Speaking

I enjoy speaking to audiences across Ohio about women’s history and northeast Ohio history. Find my upcoming lectures here. Please contact me if you are interested in scheduling one of my lectures. I am currently offering the following:

“All we need is to continue to speak the truth fearlessly”: The Forgotten Life of Suffragist Lucy Stone

Lucy Stone tirelessly campaigned for women’s suffrage and the abolition of slavery in an era when it was improper for women to speak publicly. Best known for refusing to take her husband’s surname after marriage, Stone broke barriers and ignored propriety. When a disagreement caused her to part ways with fellow suffragists Elizabeth Cady Stanton and Susan B. Anthony, Stone founded her own suffrage organization. Yet, despite her achievements, Lucy Stone is absent from history books and largely forgotten today. Find out more about this 19th-century woman’s crusade for equality.

From Suffrage to Science: The Life of Antoinette Brown Blackwell

In a time when few American attended went to college, Antoinette Brown Blackwell pursued the coursework required for a divinity degree but was denied recognition for her work. Despite that, she became one of the first women ordained as a Protestant minister in the United States. Blackwell went on to pen scientific and philosophical works that were largely motivated by her support of women’s suffrage and women’s equality.
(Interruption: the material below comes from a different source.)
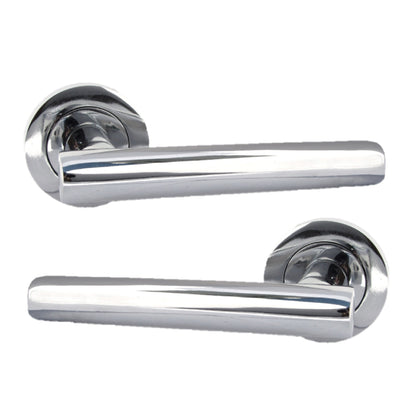Poignées de porte à levier droit en T sur rosace - Chrome 125 mm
Mary Church Terrell: Marching for Suffrage and Civil Rights

In 1950, 86-year-old Mary Church Terrell successfully launched a campaign that led to the desegregation of dining establishments in Washington D.C. This work capped off a lifetime of activism. As the daughter of former slaves, she spent her college days yearning for when she could “promote the welfare of her race.” When Terrell received her bachelor’s degree in 1884, only four other Black women had attained that distinction. She worked as a teacher, lecturer, and activist, and she loyally supported the suffrage cause, even when white suffragists refused to accept her because of her race.